Простая история одесской девочки. Ещё до войны

Маргарита Головатенко
Первые впечатления. . Сейчас мне кажется, что самым интересным был период, когда я была маленькой, жила в своём родном городе Одессе, и только война могла разлучить нас надолго. Я была одесской девочкой. Об этом периоде я и пишу с любовью и прилежанием. Может быть, позднее я напишу о последующих годах, если они вдруг вызовут у меня такую же сладостную ностальгию.

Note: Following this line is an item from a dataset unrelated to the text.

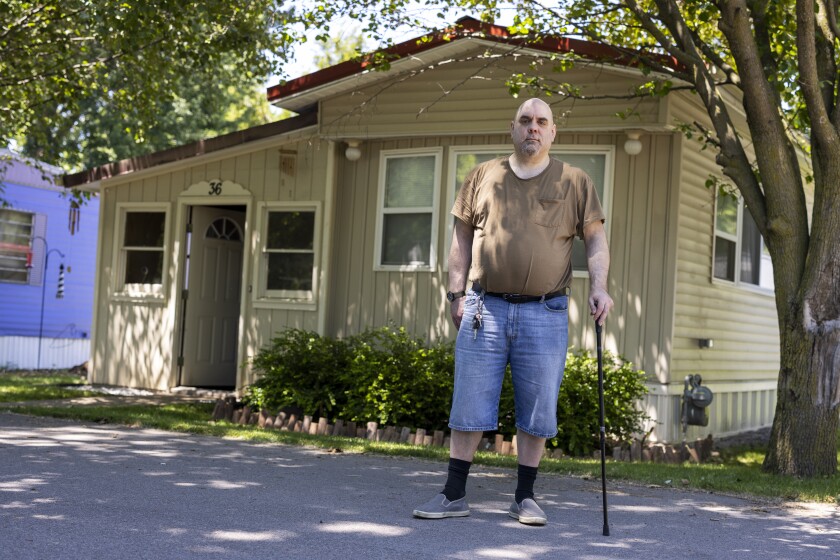A man with a cane stands in front of his mobile home.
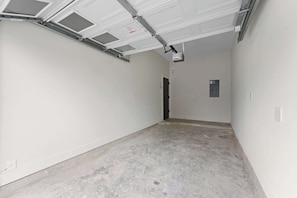 A clean, empty hallway with white walls, a concrete floor, and a garage door. - Maison Covington: Modern Luxury 3BR Retreat Near Houston Hotspots (Houston)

Я родилась 25 ноября 1935 года. Мои родители тоже одесситы. Отец,  Павел Григорьевич Красножен, сын портового грузчика,  в этом году окончил Одесский электротехнический институт связи. Это был первый выпуск нового института. Папа стал инженером дорожной лаборатории связи Одесской железной дороги. А мама, Ольга Эмильевна, до моего рождения работала телефонисткой междугородной связи, так что я считаю себя потомственной одесситкой, связисткой и железнодорожницей.

В 1935 году еще ощущались последствия голода 1932-33 г.г. в Украине, хлеб и продукты выдавали по карточкам, а обед в студенческой столовке в полуподвале на улице Островидова – по талонам. Но всё же жизнь понемногу налаживалась. Чтобы кормить маленькую, но семью, папа подрабатывал, где только мог: делал проводку для настольных ламп в городской публичной библиотеке, преподавал на курсах электромонтёров, чинил радиоточки и радиоприёмники. И у папы с мамой уже было вполне приличное жильё: две комнаты в коммунальной квартире в центре города. Адрес я запомнила навеки: улица Подбельского (она же Коблевская), дом тридцать, квартира пятнадцать.

Имя мне выбирала мама.. Говорят, что имя предопределяет судьбу. Ну, что ж, я довольна и именем, и судьбой. Мама рассказывала, что где-то в два годика я заболела воспалением лёгких и оказалась в больнице. Болела долго, с зимы до полной весны. Из больницы мама несла меня на руках через Соборную площадь, где уже зазеленели каштаны. И вроде бы я высунула носик из одеяла и сказала: - Мама, делик! – По семейному преданию, это было моё первое высказывание, и вроде бы с тех пор я люблю деревья и природу… Так как рассказ про «делик» повторялся не один раз, мне со временем стало казаться, что я действительно помню этот случай, эти зелёные каштаны и путь по любимой Соборной площади. Но настоящие воспоминания относятся к годам трём-четырём.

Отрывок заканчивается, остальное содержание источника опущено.